Data extracted from a collection
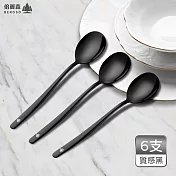 台灣SGS檢驗合格316不銹鋼北歐風長柄湯匙六入組-兩色任選 質感黑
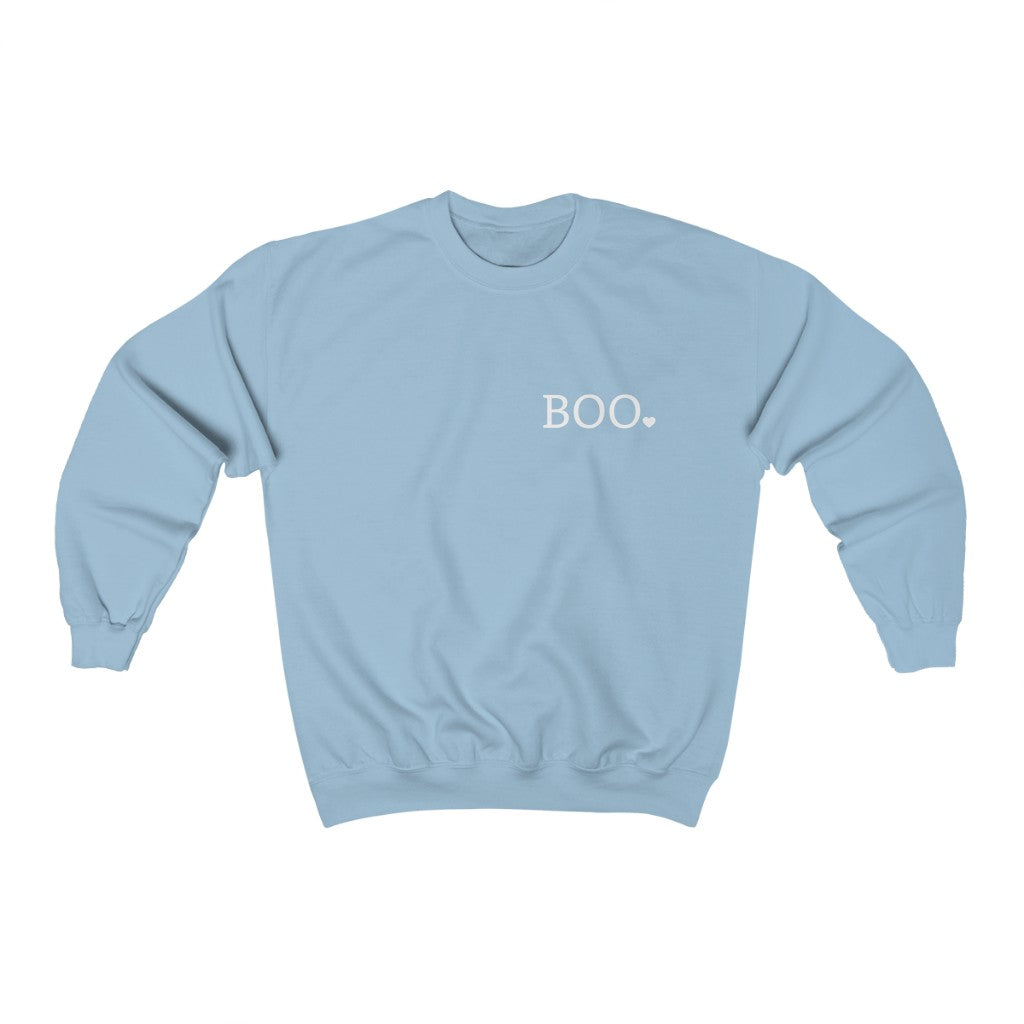 Cozy "Boo' Crewneck - Light Blue Front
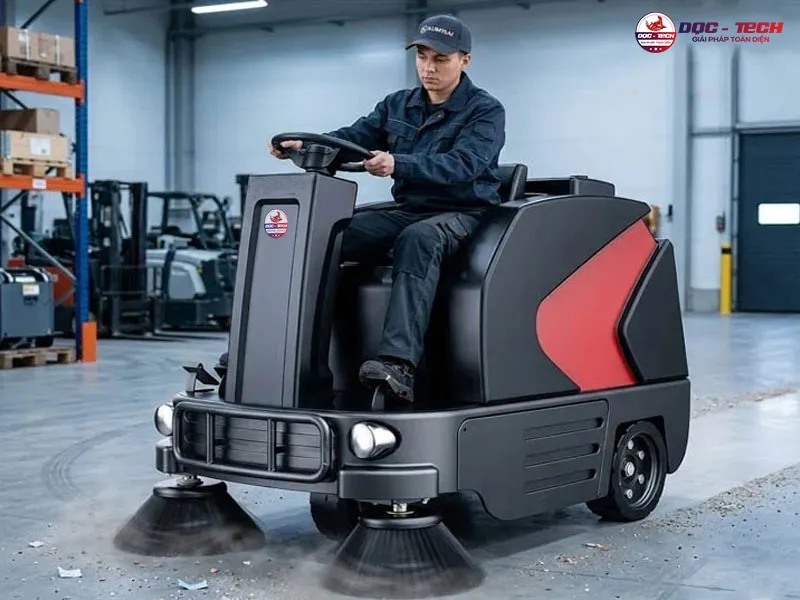 xe quét rác ngồi lái DQC Tech 6F tiện dụng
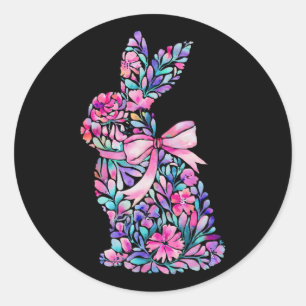Süßer floraler Osterhase Coquette Schleife Frauen Runder Aufkleber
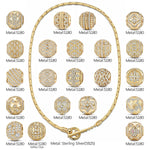 Sterling Silver Classic Bamboo Chain Necklace Mystic Seasons Charms Necklace Set In 14K Gold Plated
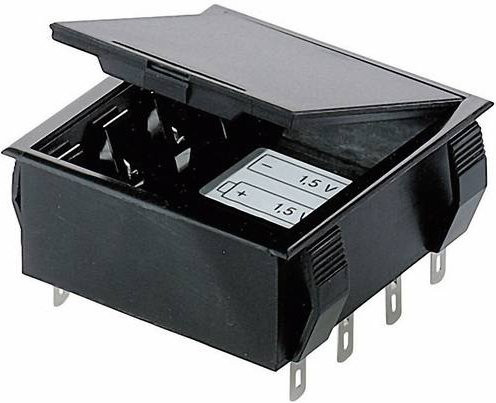 Bopla Batteriehalter für 4x Mignon AA und 9V Block mit Lötanschluss, Schwarz, B/T/H: 65 x 65 x 21,5 mm - Bild 1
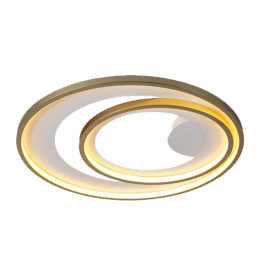PLAFON DE SOBREPOR LOOP BRANCO E DOURADO (D)62 + 42CM (A)5,2CM 1X48W 3000K 1500LM LED
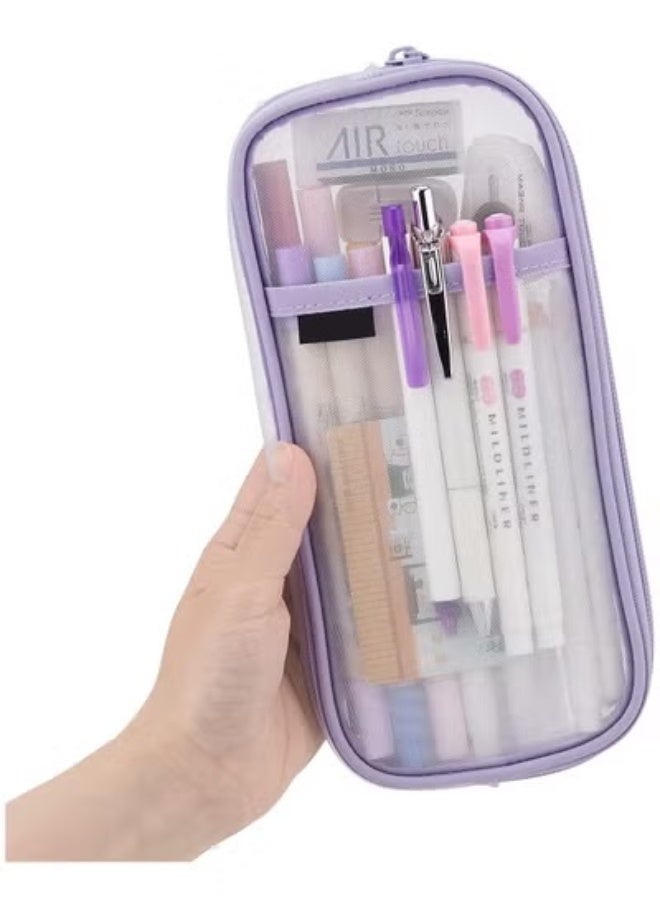 Grid Mesh Pen Pencil Case with Zipper Clear Makeup Color Pouch Cosmetics Bag Multi-Purpose Travel School Teen Girls Transparent Stationary Bag Office Organizer Box for Adluts(Purple) - Image 1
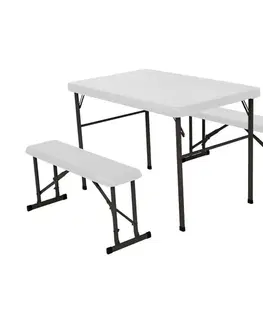 Campingový set biela / čierna Dekorhome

| WORK REQUEST |
What is wanted is an exact copy of the lines above from the one containing "xe quét rác ngồi lái DQC Tech 6F tiện dụng" through the one containing "Sterling Silver Classic", with no pictures in it.

| FINISHED EXERCISE |
 xe quét rác ngồi lái DQC Tech 6F tiện dụng
Süßer floraler Osterhase Coquette Schleife Frauen Runder Aufkleber
 Sterling Silver Classic Bamboo Chain Necklace Mystic Seasons Charms Necklace Set In 14K Gold Plated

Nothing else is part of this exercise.